2014-09-08 07:07:19: d:..\..\..\..\trunk\modules\CheckExternalScripts\CheckExternalScripts.cpp:249: Command line: cmd /c echo scripts\check_exchange_mailflow.ps1 "exch-mb3" "15" "20"; exit($lastexitcode) | powershell.exe -command -
2014-09-08 07:07:52: d:D:\source\nscp\trunk\include\nrpe/server/protocol.hpp:66: Accepting connection from: 168.141.2.23
2014-09-08 07:07:56: d:..\..\..\trunk\service\NSClient++.cpp:985: Result check_exchange_mailflow: OK
2014-09-08 07:07:56: e:D:\source\nscp\trunk\include\socket/connection.hpp:146: Failed to send data: The file handle supplied is not valid

And here's what Nagios reports:

Code: Select all

2014-09-08 08:11:22SERVICE ALERT: exch-mb3;Exchange Mailbox Test;OK;SOFT;2;exch-mb3 Mailbox OK.

2014-09-08 08:10:52SERVICE ALERT: exch-mb3;Exchange Mailbox Test;CRITICAL;SOFT;1;CHECK_NRPE: Socket timeout after 30 seconds.

2014-09-08 07:40:32SERVICE ALERT: exch-mb3;Exchange Mailbox Test;OK;SOFT;2;exch-mb3 Mailbox OK.

2014-09-08 07:38:52SERVICE ALERT: exch-mb3;Exchange Mailbox Test;CRITICAL;SOFT;1;CHECK_NRPE: Socket timeout after 30 seconds.

2014-09-08 07:08:22SERVICE ALERT: exch-mb3;Exchange Mailbox Test;OK;SOFT;2;exch-mb3 Mailbox OK.

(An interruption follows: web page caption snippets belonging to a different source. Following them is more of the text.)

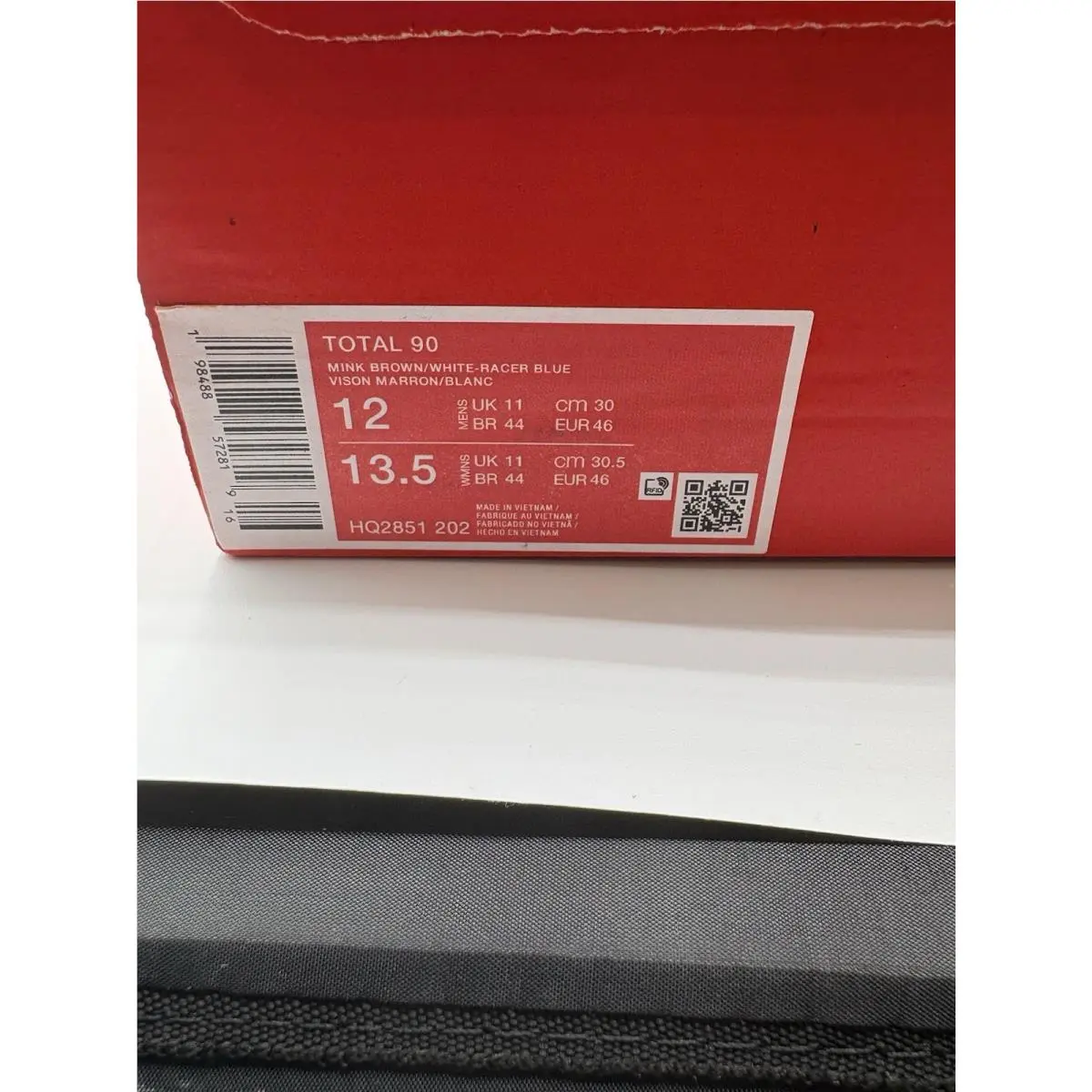 Nike shoes - Total 90 - Total - HQ2851-202 - Brown 4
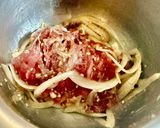 夏の薬味と青唐辛子の爽快プルコギそうめん作り方2写真
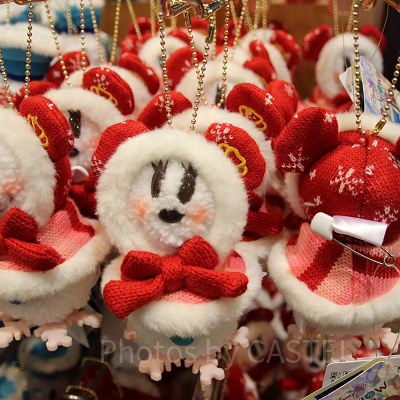 ぬいぐるみバッジ（ミニー）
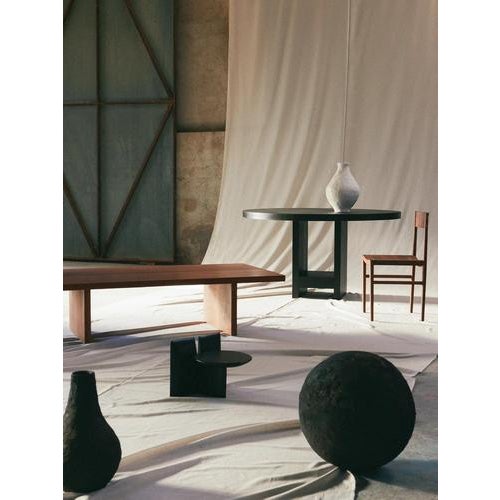 Oak Cosmos Table by Obstacles For Sale - Image 4 of 7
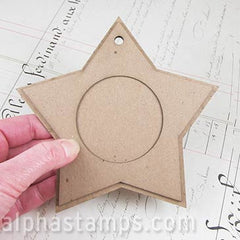 Ornament Frame Set - Star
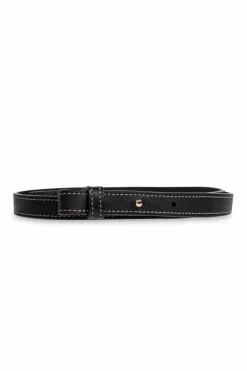 Gucci CZARNY Torba do ręki `GG Emblem Mini`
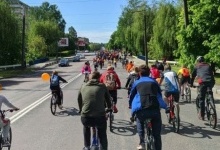 У Луцьку – масовий велопробіг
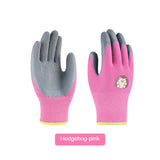 Kids Durable Waterproof Garden Work Gloves Non-Slip Children Safety Yard Work Gloves Portable Garden Supplies Gardening Gloves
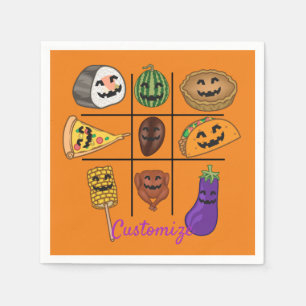 Serviette En Papier Oddball Jack olantern Medley Thunder_Cove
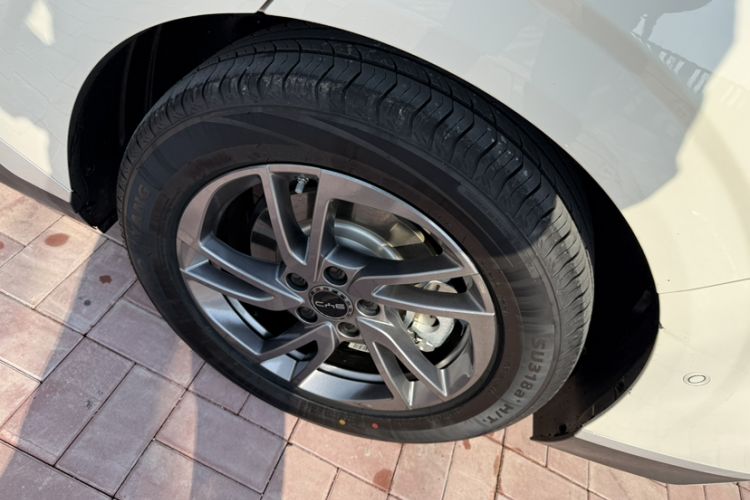 Used BYD Seal 06 New Energy 2025 EV 545KM Premium Edition Interior 11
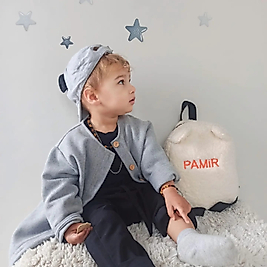 Ünisex Kase Ceket Gri Renk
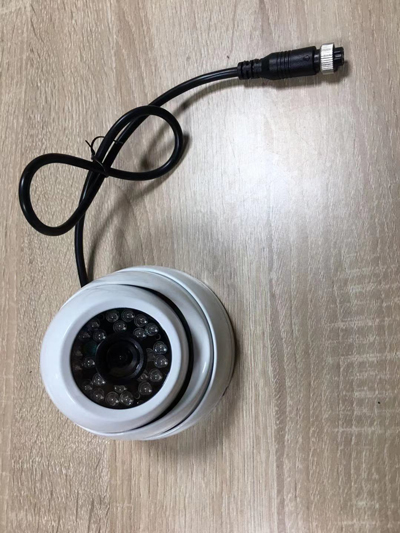 kupula zuriko CCD auto kamera 24pcs IR ledarekin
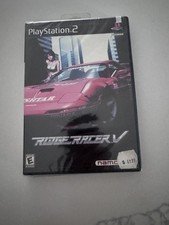 Ridge Racer V (Sony PlayStation 2, 2000) BRAND NEW (SEALED)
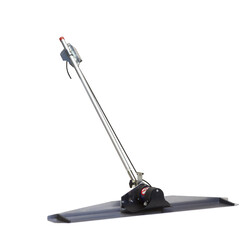 K150 Elektrische Abziehpatsche – Rüttelbohle 1,5 m, 230 V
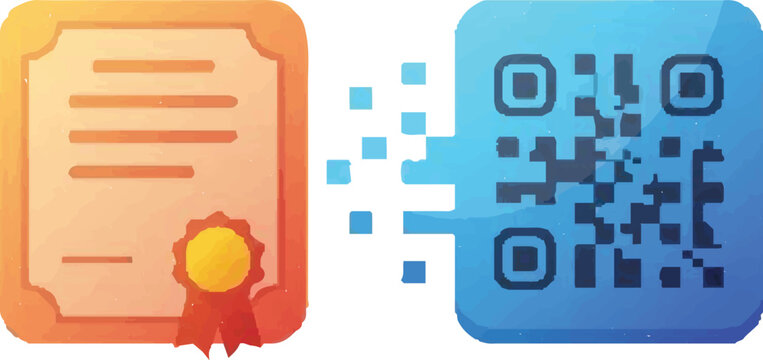 Secure your credentials with digital certificates and QR codes, safeguarding authenticity & elevating trust in document verification for tamper-proof validation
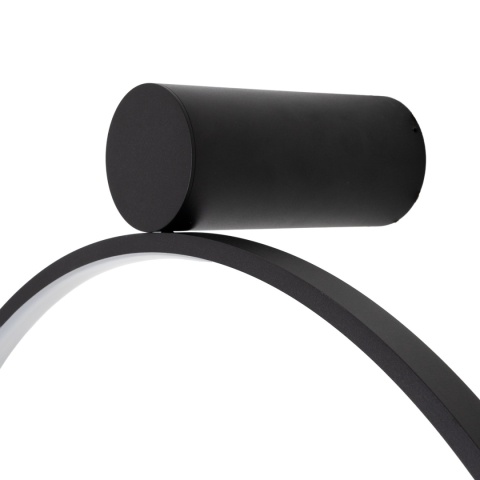 KINKIET VISUAL, CZARNY 60cm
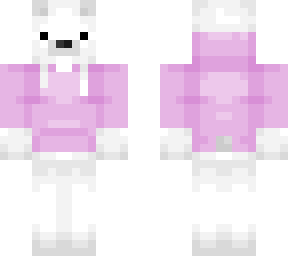 polar bear with a hoodie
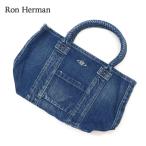 新品 ロンハーマン Ron Herman Damage Denim Tote Bag S トートバッグ INDIGO インディゴ 277002895017 グッズ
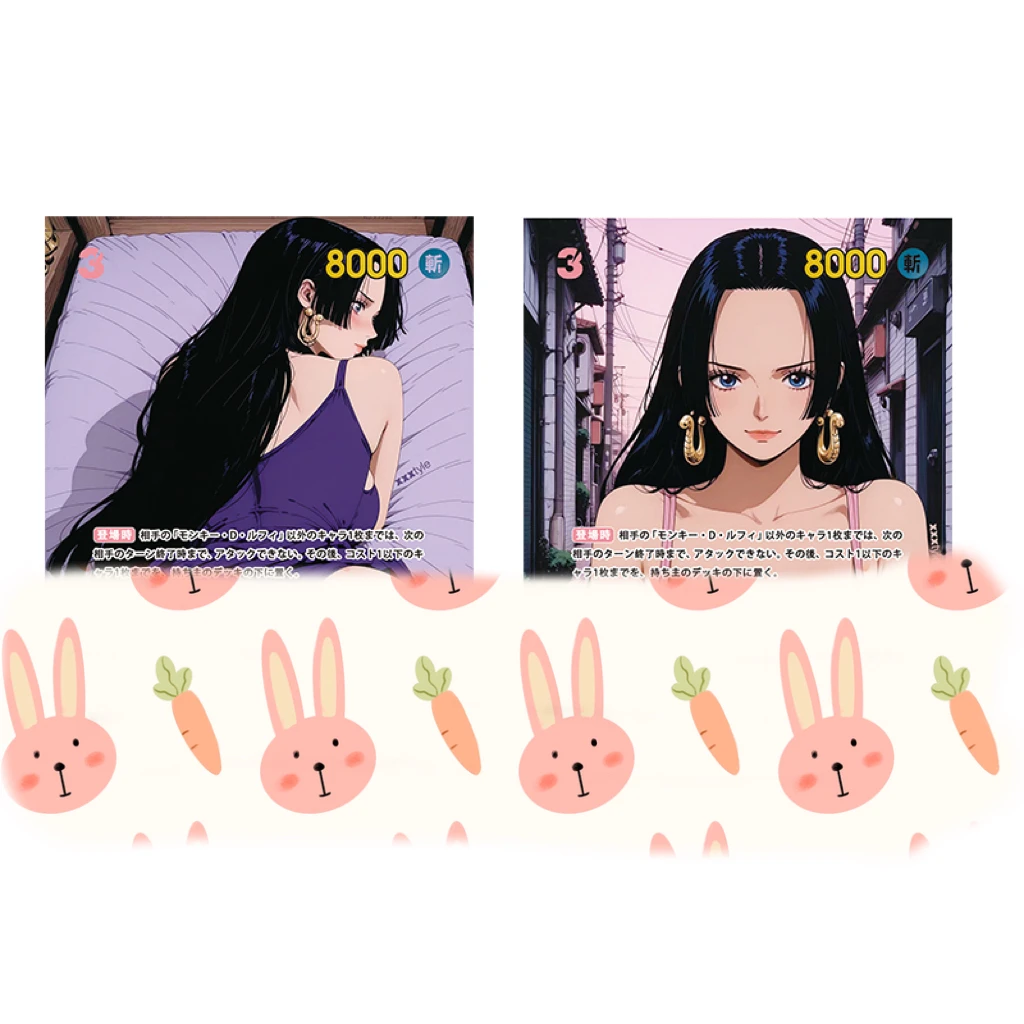 لتقوم بها بنفسك قطعة واحدة Opcg نامي بوا · هانكوك ياماتو التحكم الذاتي جمع التوقيع التداول بطاقة فلاش أنيمي الكرتون هدية الكريسماس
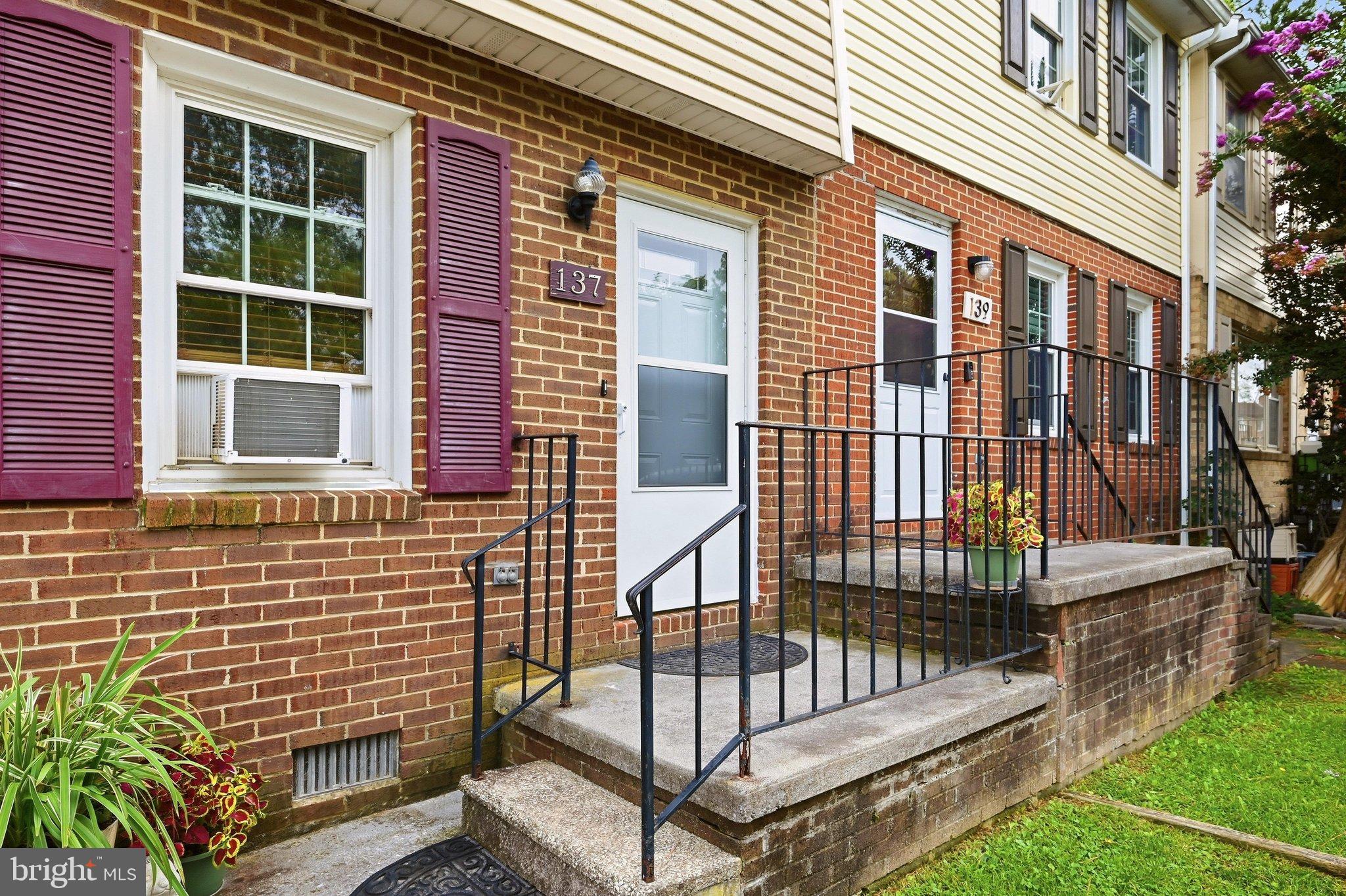 137 Brunswick Road Stephens City, VA 22655 - Photo 1 of 28 Charming brick facade with welcoming steps.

2014-09-08 07:07:52SERVICE ALERT: exch-mb3;Exchange Mailbox Test;CRITICAL;SOFT;1;CHECK_NRPE: Socket timeout after 30 seconds.
In Nagios I have this as a single service check, checking 4 servers total: exch-mb1, exch-mb2, exch-mb3, and exch-mb4. The script works fine with the three other servers but repeatedly errors with exch-mb3 which it seems to time out and then recheck again 2 minutes later where it then reports OK. When I run the script manually, it works without issue.. Exch-mb3 seems to be fine. This leaves me to believe there's something wrong with NSClient.

Another similar post:
http://www.nsclient.org/forums/topic/old-1171/

I even added an -ExecutionTimeout option to my script which tells it to stop after 20 seconds.. I've tested it and it works when I run the script manually. Yet the NSClient check seems to take longer than a minute which doesn't make much sense to me because it should be timing out well before then.. Any help would be appreciated! TIA
brianp89
Posts: 18
Joined: Thu May 08, 2014 10:53 am

Re: Script works and stops working with Nagios + NSClient

Post by brianp89 »

After adding some debug output code into my script to see where it's hanging, it appears NSClient is getting stuck on importing a PSSession (shows that it's taking up to 30 seconds in some cases):

Code: Select all

try
{
	#Create session variable for Exchange Powershell
	$Session = New-PSSession -ConfigurationName Microsoft.Exchange -ConnectionUri http://$exch_mb/PowerShell/ -Authentication Kerberos -ErrorAction Stop

	#Attempt to import the connection
	Import-PSSession $Session -AllowClobber >$null
}
catch 
{
	write-host Connection failed to $exch_mb -ForegroundColor Yellow
	exit 3
}
I'll keep digging and let you know if I find a solution..


EDIT:

Turns out "Exch-mb3" has a lot more exchange commands than the other servers for some reason. Because of this, it was taking longer to import all the powershell commands.
I was able to fix this by specifying which command to load:

Code: Select all

Import-PSSession $Session -AllowClobber -CommandName Test-MailFlow >$null
Now it's much faster! Sometimes just writing everything out can help me solve the problem :)
Feel free to lock or delete this topic.
slansing
Posts: 7698
Joined: Mon Apr 23, 2012 4:28 pm
Location: Travelling through time and space...

Re: Script works and stops working with Nagios + NSClient

Post by slansing »

Ahhh, yeah, sometimes all you need is a sounding board/rubber duck! Glad it's all working ship-shape now.
Locked